Can we talk of immanence without mentioning capitalism? Obviously, immanence is a philosophical concept that can stay on its own feet. Even in Deleuze (and Guattari) – and Guattari is in parentheses not because he’s an afterthought, but because Deleuze has written on immanence on his own, as well as with Guattari – immanence has its own distinct life, apart from capitalism. [What’s more, capitalism has constructed its plane of immanence by performing relative deterritorialization, and always deferring its own internal limits to prevent the creation of the BwO.] Wikipedia has a good discussion of the plane of immanence. However, where my understanding differs from common readings of the Deleuzian immanence is here: “Thus all real distinctions (mind and body, God and matter, interiority and exteriority, etc.) are collapsed or flattened into an even consistency or plane, namely immanence itself, that is, immanence without opposition” (Wikipedia, bold emphasis mine). As I tried to explain in the previous entry, I see the plane of immanence of corporatism as rhizomatic, rather than a flattening or collapsing of all the machines onto a literal flat plane. This doesn’t mean that I take the plane of immanence as a metaphor of something else; rather, I believe that flattening and collapsing are the metaphors by which discussants are making sense this pivotal notion for both Deleuzian philosophy, and for today’s world situation. I’m not sure if there’s anything wrong with resorting to metaphor to explain an utterly non-metaphorical discourse. However, when resistance to metaphor is another pillar of this discourse, caution and explanation are necessary. The idea of flattening arguably appears in D&G when they talk of smoothing and striation, but these concepts would unduly complicate this point.

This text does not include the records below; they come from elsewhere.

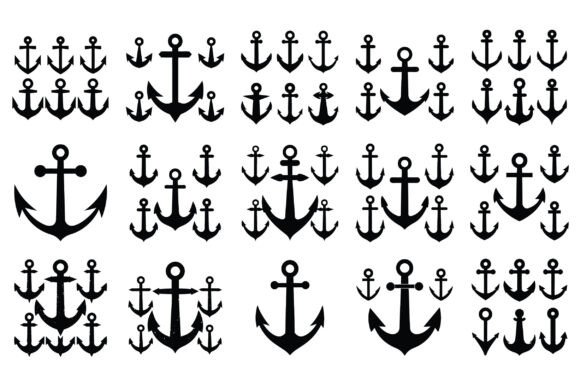 Anchors Icon Silhouette Vector: A Versatile Design Asset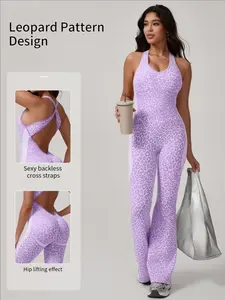 Women's Yoga Seamless Leopard Print Bodycon Jumpsuit, Versatile Home & Office Wear, Tight-Fitting Knitted Micro Flare Pants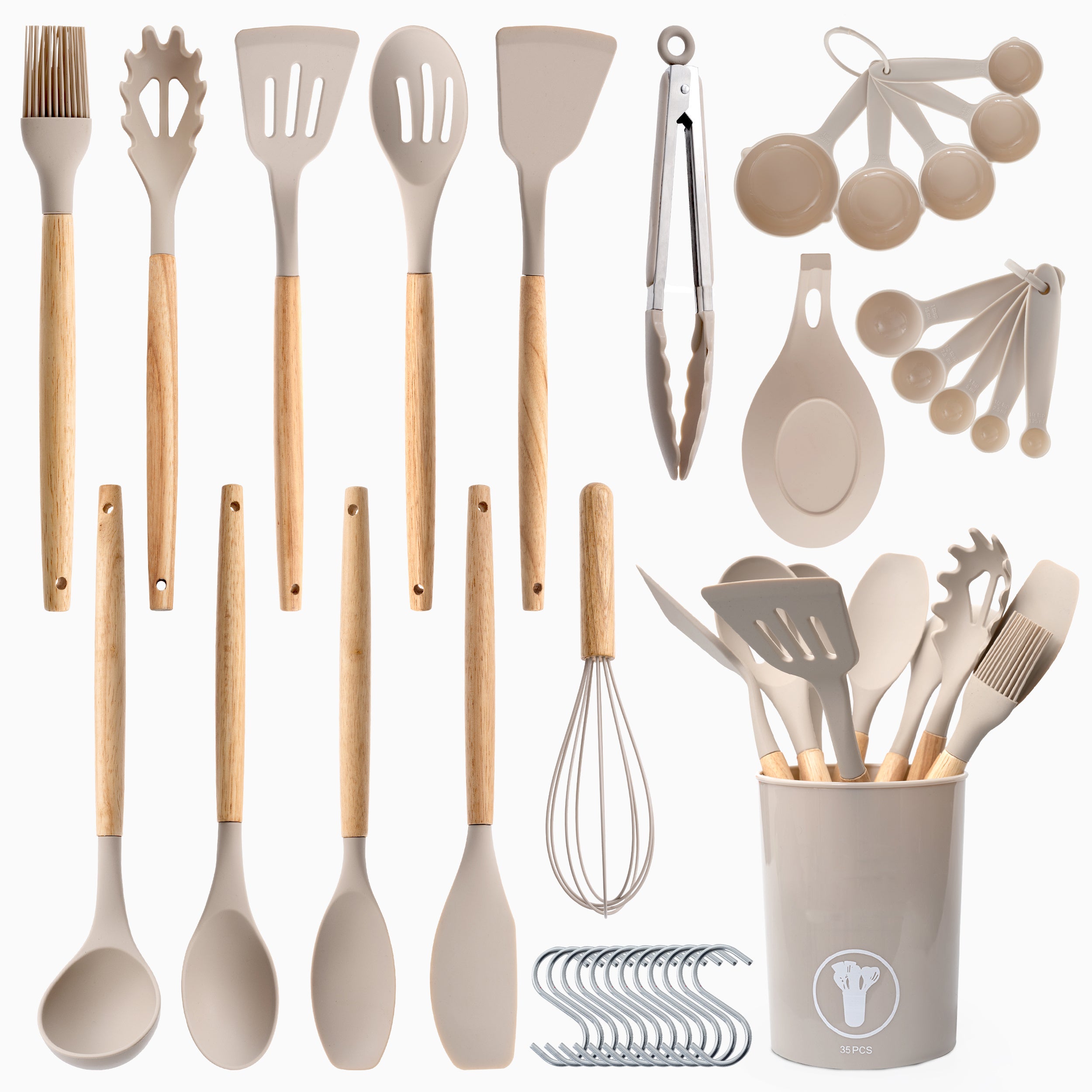 Kitchen Essential – 35 Piece Kitchen Utensils Set with Holder - Heat Resistant Wooden Handle - Silicone Non-Stick Cooking Spatula, Kitchen Essentials Tools and Gadgets for Modern US Homes, e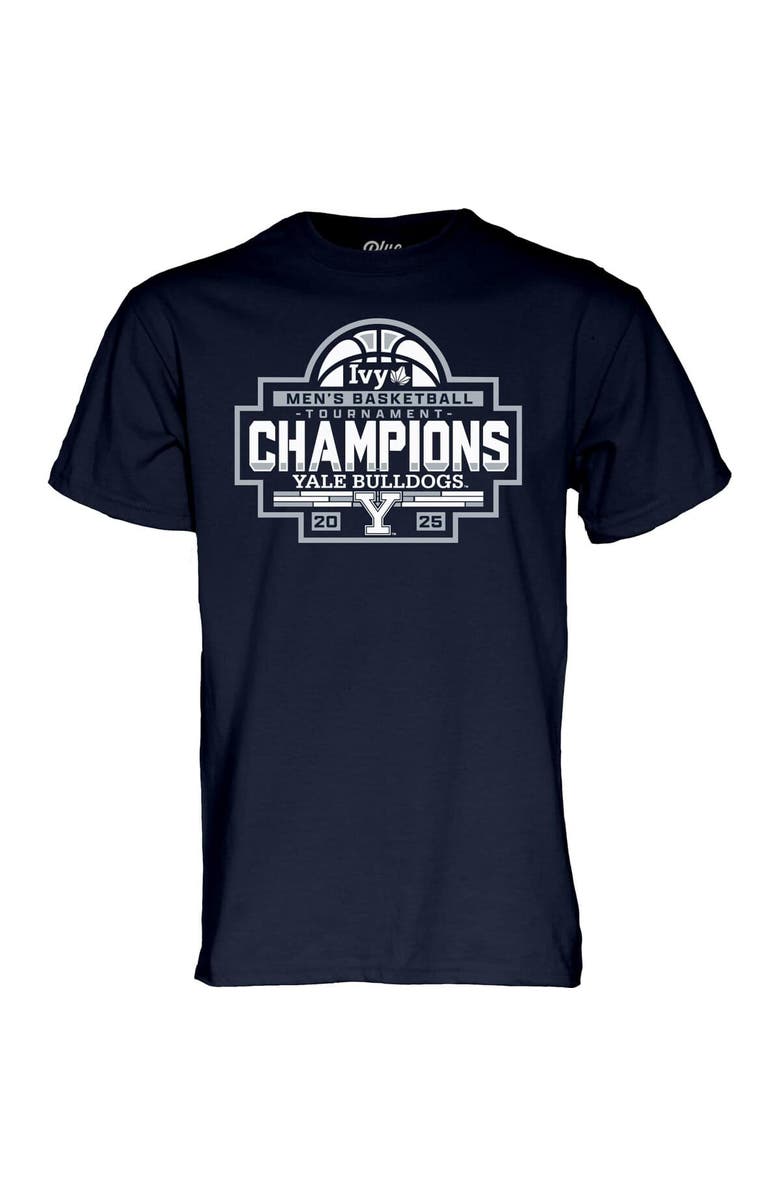 BLUE 84 Unisex Blue 84 Navy Yale Bulldogs 2025 Ivy League Men's Basketball Conference Tournament Champions T-Shirt, Alternate, color, 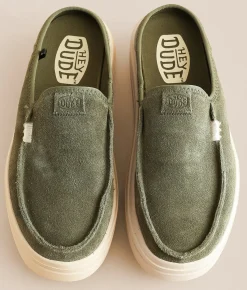 Shoes | HEYDUDE™ Austin Lift Classic Leather Mule Shoe Moss
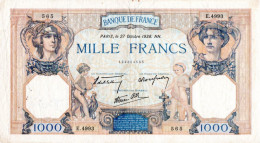 FRANCE -- Biillet De Banque De France 1 000 Francs "  Cérès Et Mercure " - 1 000 F 1927-1940 ''Cérès E Mercure''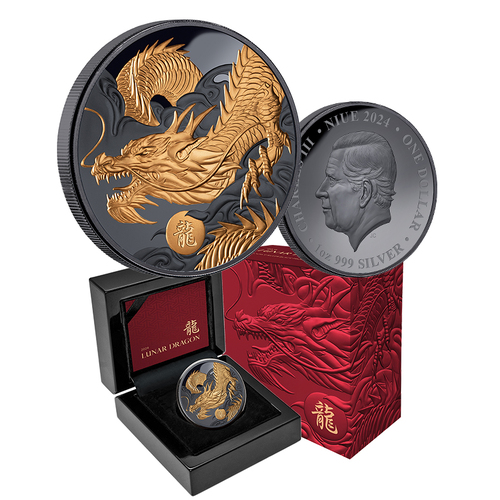 2024 $1 Lunar Dragon 1oz Silver Gilded Black Proof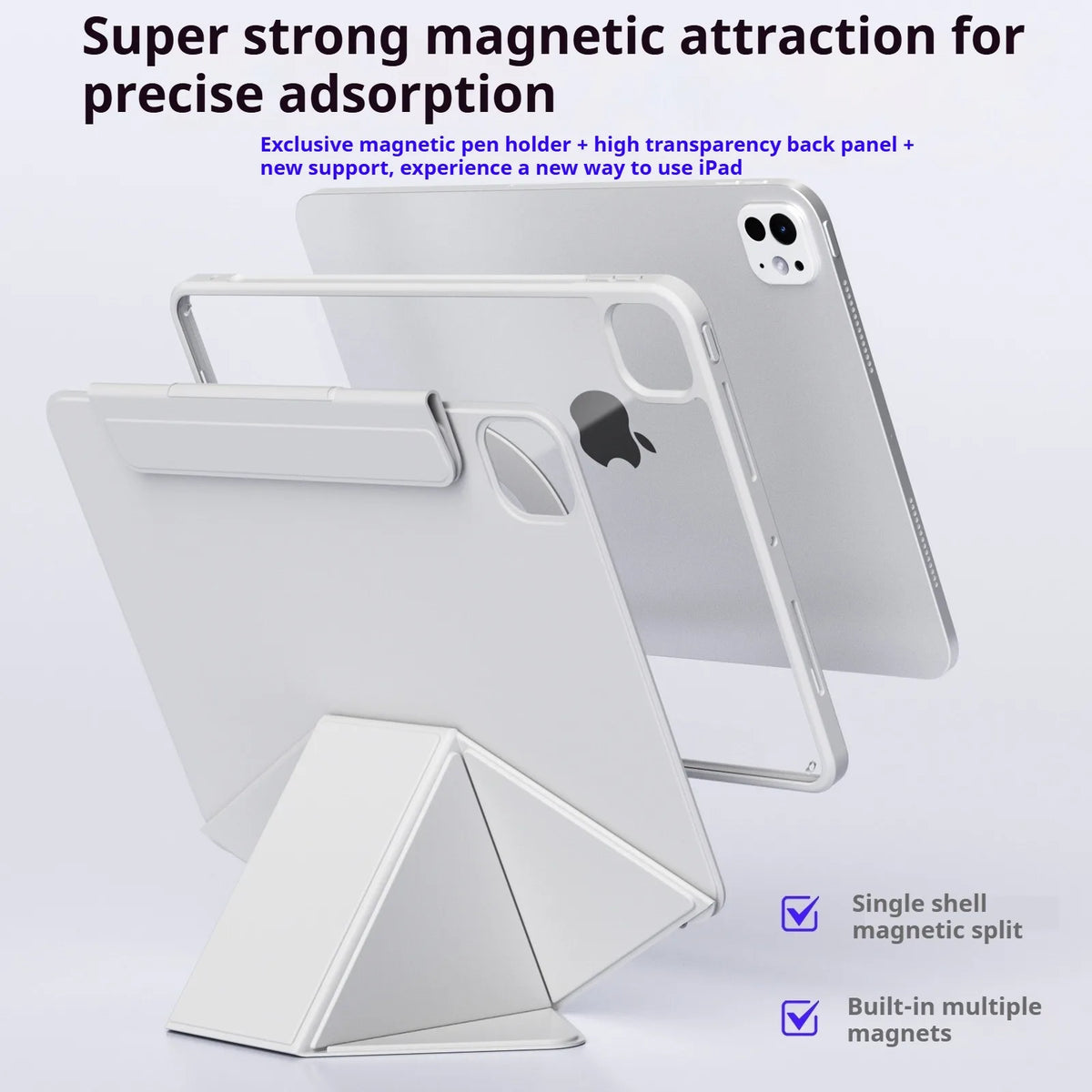 ZOYU for iPad 10/11th Increase Height Bracket Case, Magnetic Transparent Back Shell Cover iPad Pro 11 12.9 Air 4/5th 13 Mini 6/7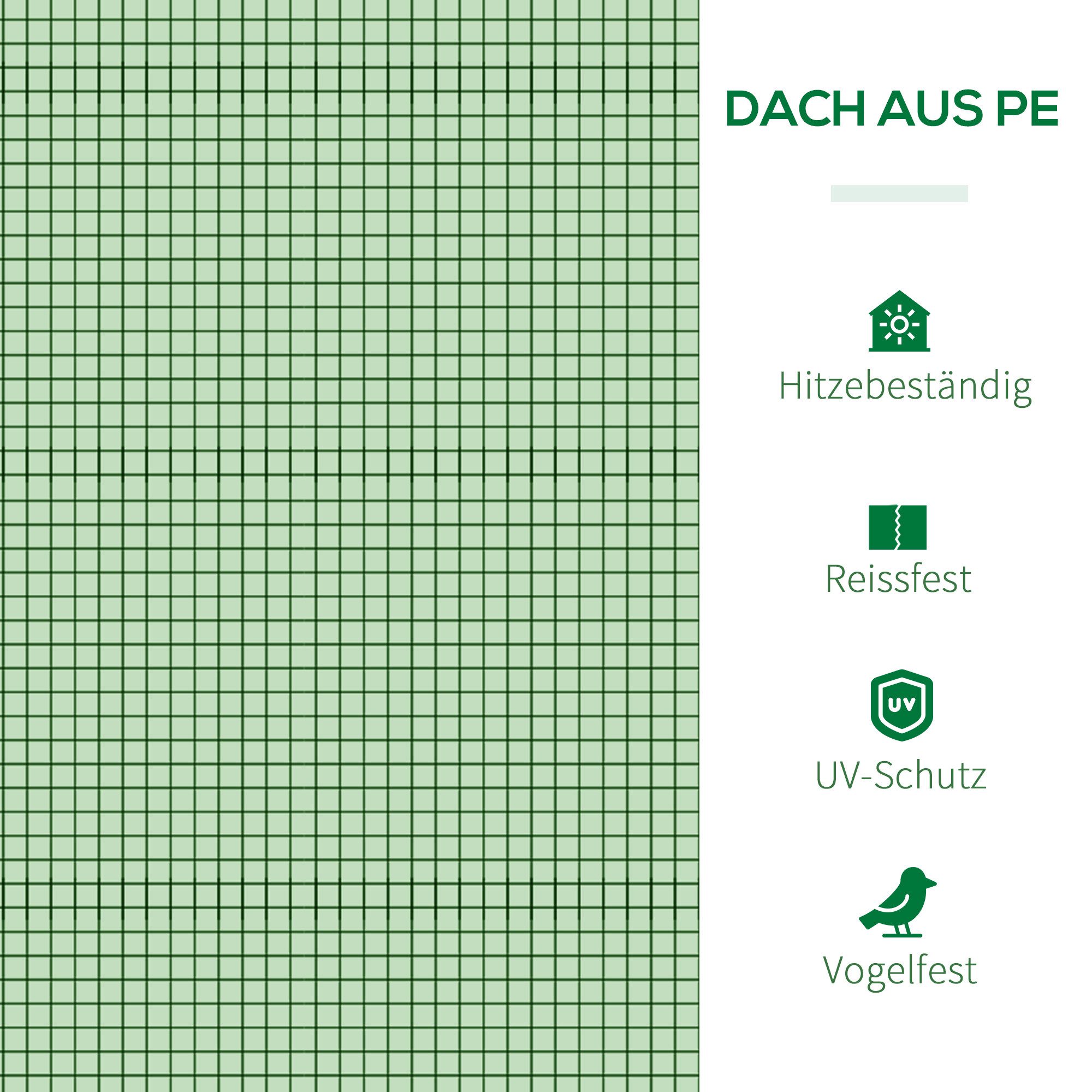 Outsunny Foliengewächshaus Gewächshaus mit aufrollbaren Reißverschlusstür Stahl, BxTxH: 100 x 295 x 80 cm, BxLxH: 100 x 295 x 80 cm, Gewächshaus 1-St., Tomatenh – Bild 4 von 5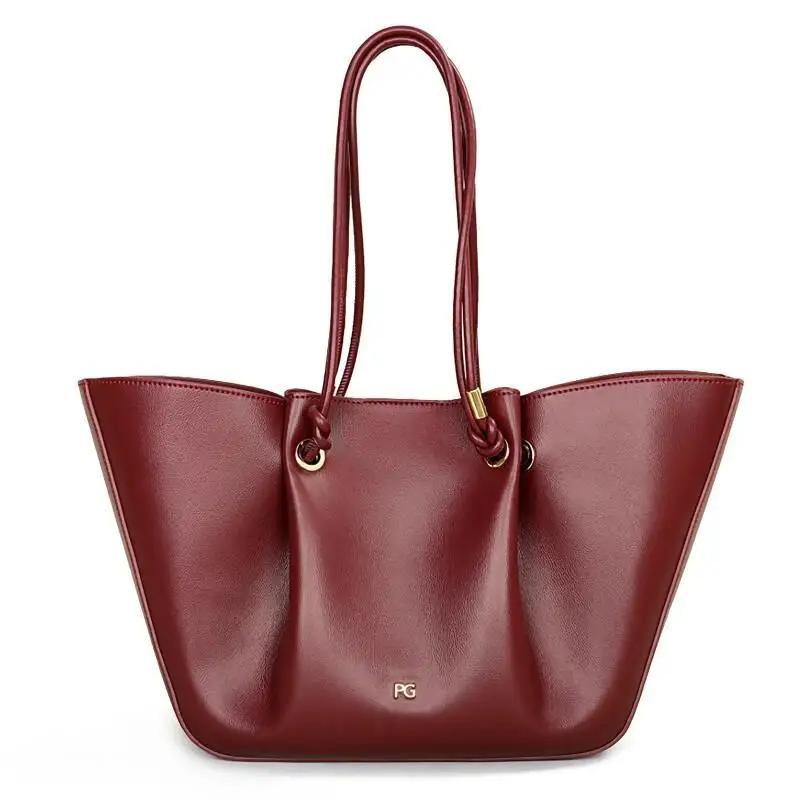 Sac fourre-tout pour femme PG, couleur unie, cuir souple, style extrêmement simple, sensation de dét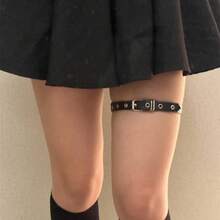Women's Adjustable Punk Leg Cuff - Black Faux Leather Feel, Fashionable Thigh Chain Suitable Dresses, Pants, Daily Wear - Gothic Style Party, Wedding Accessories - Easy-To-Wear Adjustable - 1 - 查看 6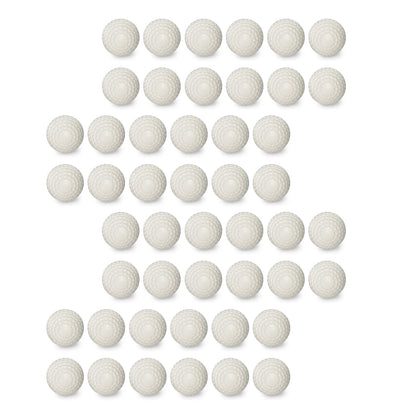 Four dozen white JUGS Sting-Free dimpled baseballs, photographed on a white background.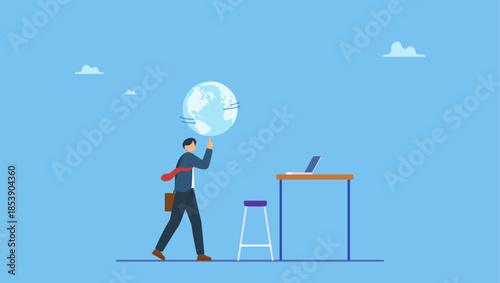 Smart businessman manager spinning globe or planet earth on his strong finger. Global business or world economy, power to control the world, leadership to success in global network.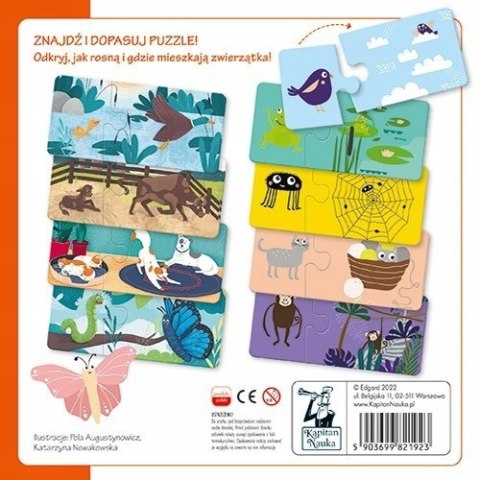 Układanki Malucha Zwierzęta Małe i Duże 1-3 lat Kapitan Nauka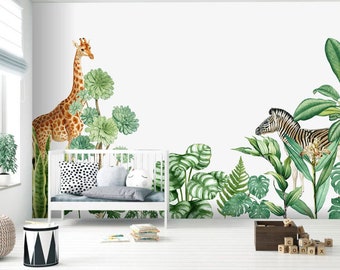 Mural de papel pintado con animales tropicales: Arte de pared para habitación infantil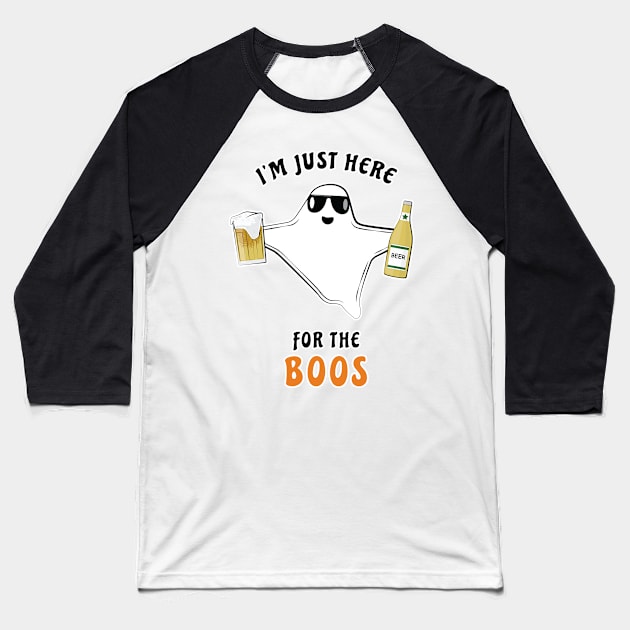 I'm Just Here For The Boos - Funny Halloween Ghost Baseball T-Shirt by DesignWood Atelier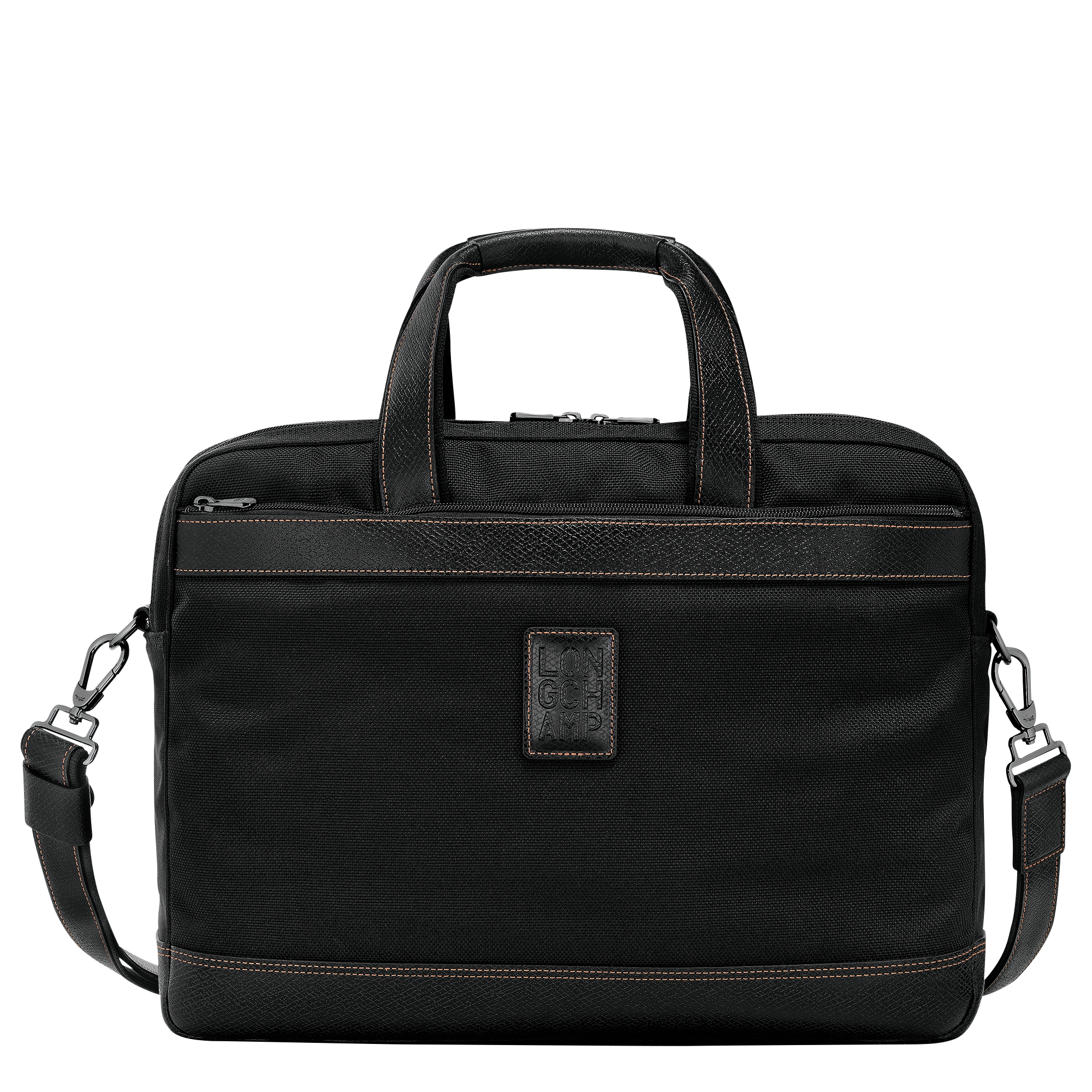 Boxford L Briefcase / Black - Recycled canvas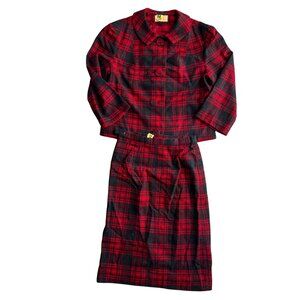 Vtg Pendleton‎ Skirt Suit Womens Red Black Plaid Wool Tartan Blazer Jacket Set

Rather than resorting to the metaphor of flattening, one can view immanence as a network of rhizomatically connected machines and lines, which does not imply any two-dimensional collapse onto a literal plane. The plane is abstract, rather than metaphorical, and the idea that lines of flight can be potentially drawn in all directions supports the multi-dimensionality of the plane of consistency. A line of flight points to a possibility of escape, i.e., to the construction of a BwO and not to transcendence.
After all of this conceptual running in circles, what is the implication of immanence for corporatism?
Firstly, corporatism – the name I’m using for the present situation in which we find ourselves – refers to the overtaking of biopower by corporations (in Foucauldian terms), or to the appropriation/construction of the plane of immanence of desiring-production by the same corporations (in D&G speak). The notion of desiring-production already points to the imbrication of economic production with the reproduction of life. What that means, therefore, is that life itself, in all of its aspects, has become the domain of formerly exclusive economic entities, to the detriment of the State, which used to have the upper hand when it came to the administration of life. Again but with other words: corporations have made it their business to be concerned with both economic production and the less abstract motor behind it, i.e., the social force driving it, people’s lives and all of the other connected issues. Corporations have thus created themselves a plane of immanence, in which people are rhizomatically connected to industrial machines, to the more abstract bottom line, and to the even more abstract stock exchange performance of a particular company.
Six degrees of separation? Yes, but no longer restricted to people; instead, opened up for everything in existence. Fortunately, that’s also how we can escape it, change it, construct alternative (non-transcending) planes of immanence: “becoming is to extract particles between which one establishes the relations of movement and rest, speed and slowness that are closest to what one is becoming, and through which one becomes. This is the sense in which becoming is the process of desire” (1000 Plateaus 272).